Substitution fear: If AI agents replace seats rather than complement them, seat-based revenue models do not just slow. They reverse. Roughly 85 to 95% of enterprise value in a SaaS DCF comes from terminal value. Investors are not debating this quarter. They are debating whether these businesses have sustainable moats at all.
Who Is Getting Crushed
Atlassian (TEAM): Down 50%+ YTD. Jira is in virtually every engineering org globally. The company employs roughly 12,000 people, with approximately 1,500 in ANZ (Sydney HQ and New Zealand offices). FY2025 revenue hit $4.4B, up 20% YoY, driven by cloud migrations. No reported 2026 sales layoffs in ANZ yet, but the market has repriced the business.
HubSpot (HUBS): Down 50%+ over the past year. Grew to $2B+ ARR on one of the best go-to-market motions in B2B history.
Salesforce (CRM): Down 30%+ in Q1. The defining CRM platform of the last 20 years.
ServiceNow (NOW): Down 30%+ in Q1, despite actually accelerating. RPO growth outpacing revenue, credible AI positioning.
Adobe (ADBE): Down from $638 to under $350. The creative cloud monopoly.

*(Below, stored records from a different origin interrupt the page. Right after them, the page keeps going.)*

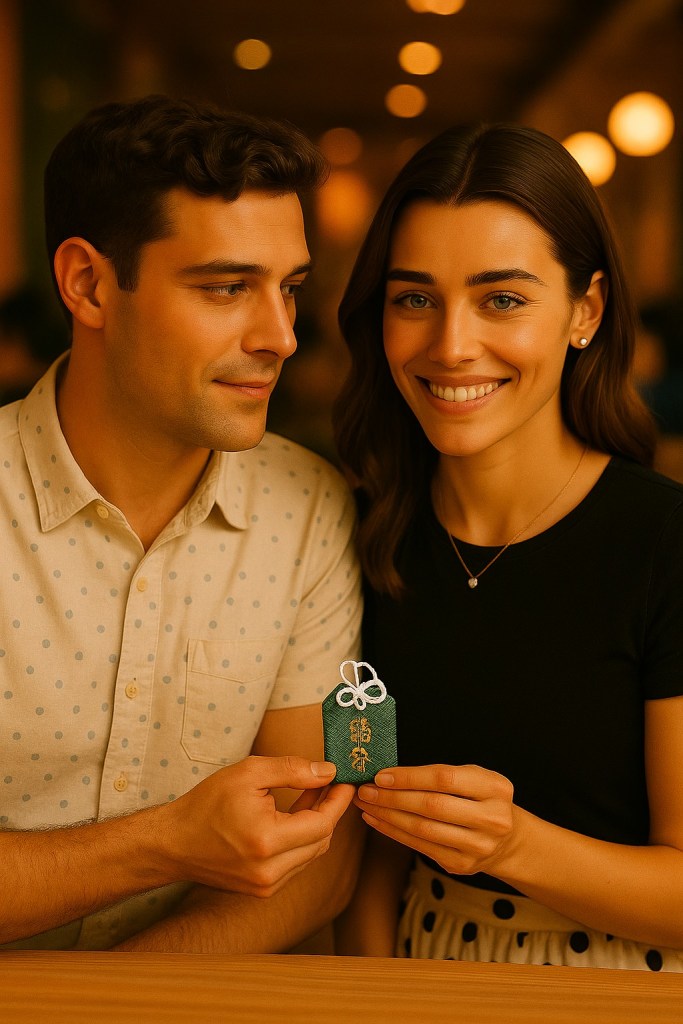 A young couple sitting together in a warmly lit Tokyo restaurant, holding a green omamori charm with golden embroidery, symbolizing protection and good luck.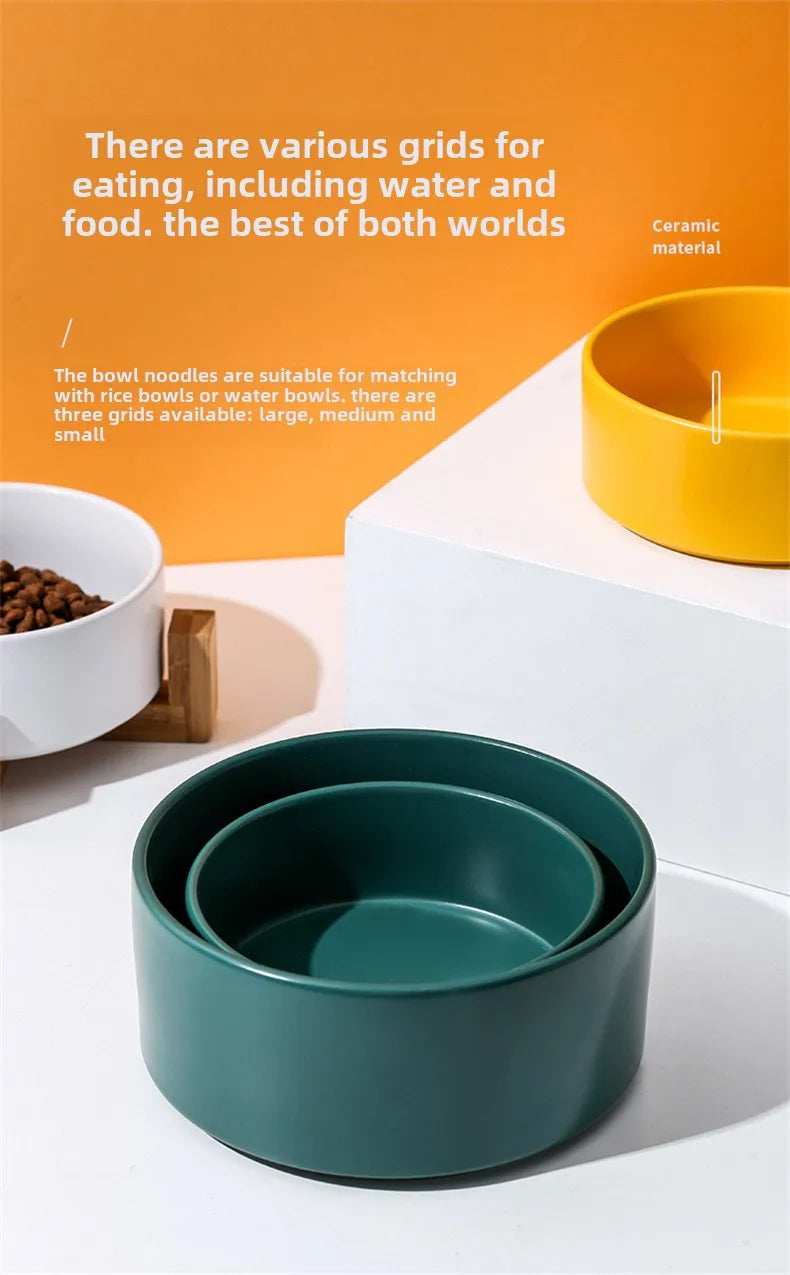 Elevated Ceramic Pet Bowl with Wood Stand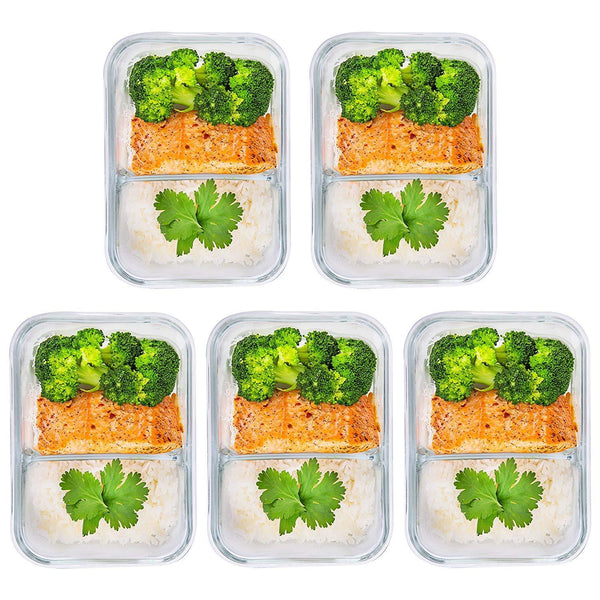 [5 Pcs] Glass Meal Prep Containers Glass 2 Compartment - Glass Food Storage Containers - Glass Storage Containers with Lids - Divided Glass Lunch Containers Food Container - Glass Food Containers 29oz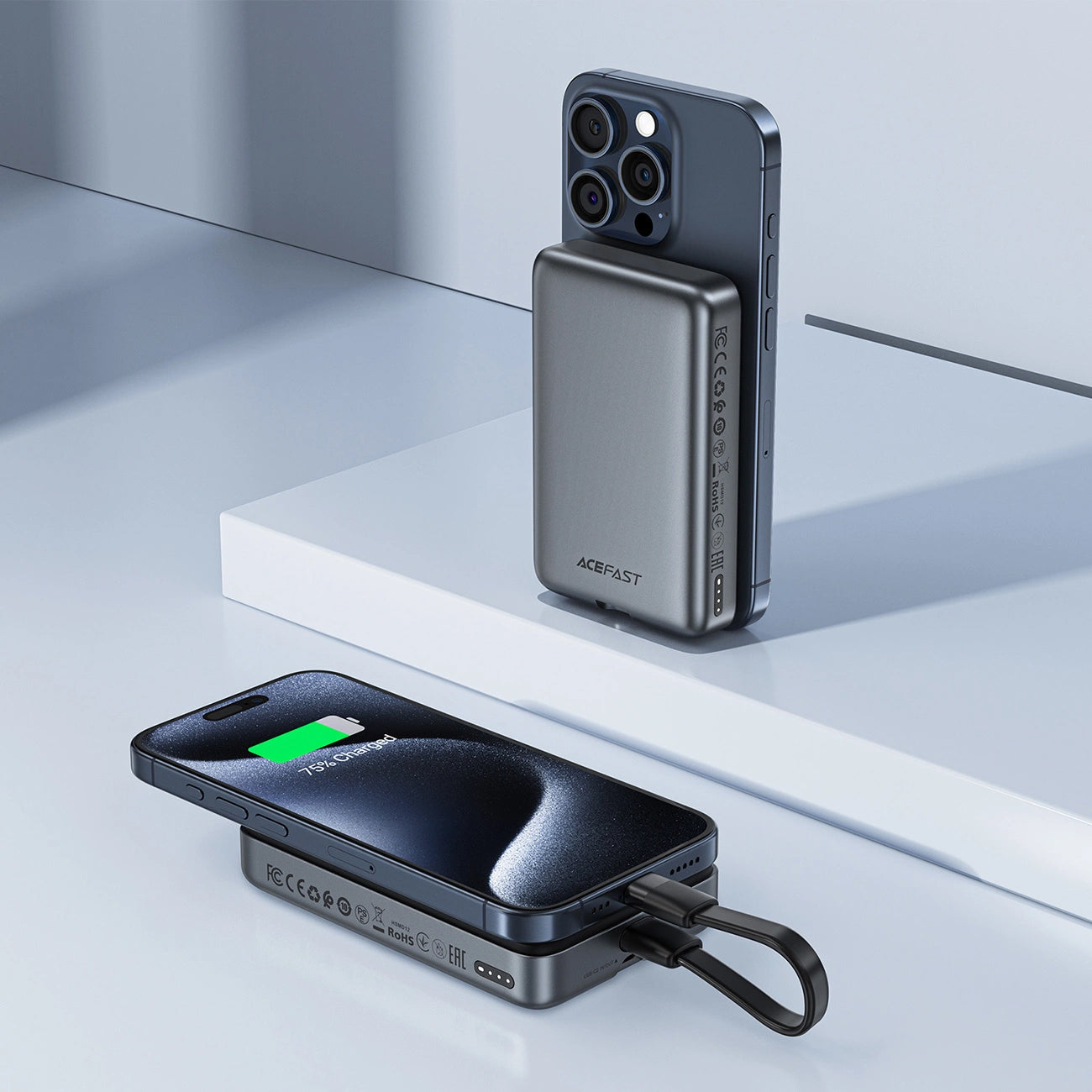Batería Externa Inalámbrica Acefast M10, 10000mAh, 30W, PD + FQI, 1 x QI - 2 x USB-C, Negra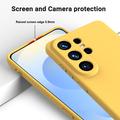 Custodia in silicone liquido con cinghia a mano per Samsung Galaxy S26 Ultra - Gialla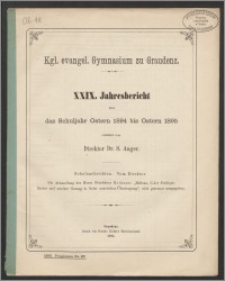 XXIX. Jahresbericht über das Schuljahr Ostern 1894 bis Ostern 1895 [...]
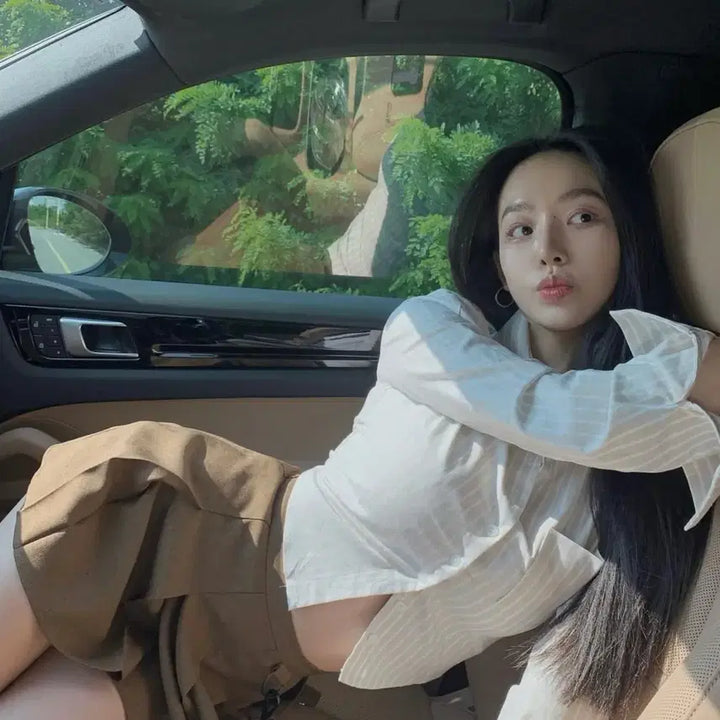 [BUNJANG] Pale Jade Oxford Striped Shirt Beige / 페일제이드 옥스포드 스트라이프 셔츠 베이지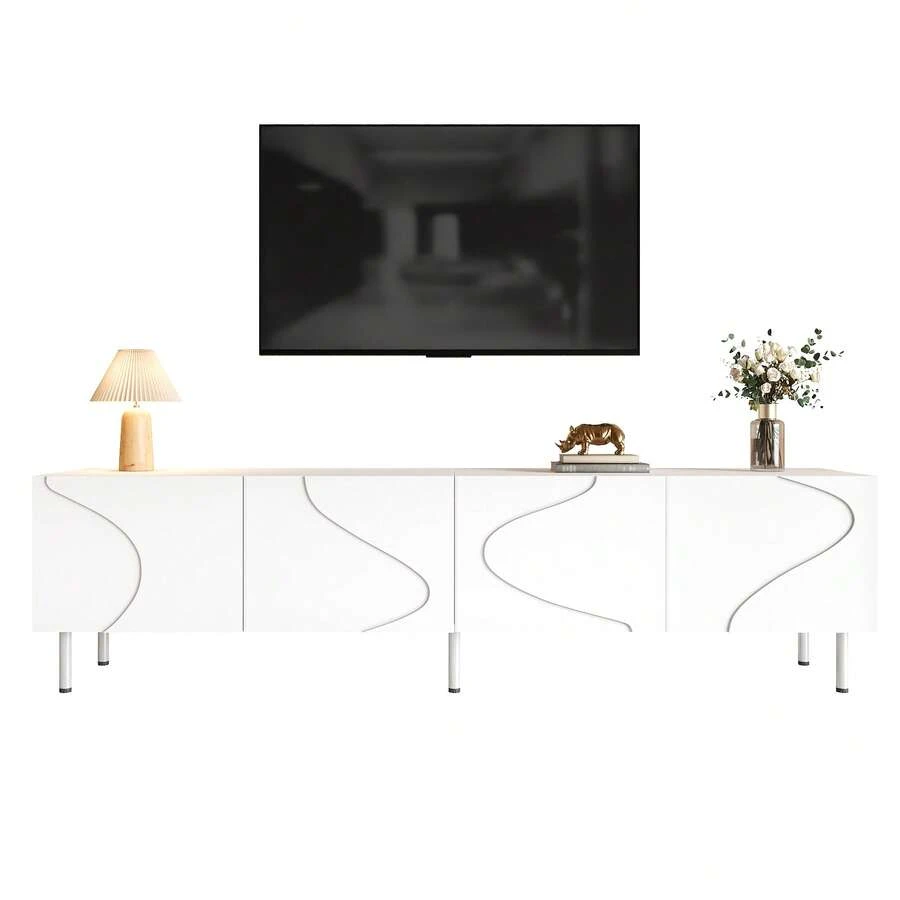TV Stand White - Lowboard With Drawers - Storage Space For Television - 白色 - 查看 1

These are not speculative bets. These are cash-generating, deeply embedded, category-defining businesses. And the market is treating them like they face existential risk.
What This Means for ANZ Sales Teams
Atlassian drives roughly 15% of revenue from APAC, including ANZ. The Sydney base has held steady headcount so far, but the structural re-rating affects comp, quota relief, and hiring plans across the sector.
If you are carrying a bag at a public SaaS company, watch terminal value pricing. When investors reprice the business model, quota does not get easier. Budgets tighten. Enterprise deals face AI substitution questions in every renewal. Mid-market buyers are asking whether they need 50 Salesforce seats or 10 seats plus an agent.
The bifurcation is clear: infrastructure plays like Cloudflare (up on AI-driven traffic) and Palantir (Rule of 40 score of 127, revenue growth at 70% YoY) are holding. Seat-based SaaS is under pressure.
Comp structures at affected companies may shift. If OTE assumes 100% attainment and the market just repriced your product category, historical attainment data matters more than ever. Ask about quota relief. Ask about ramp periods. Ask what happens if net retention stalls.
This is not a blip. This is a structural shift in how the market values software. Plan accordingly.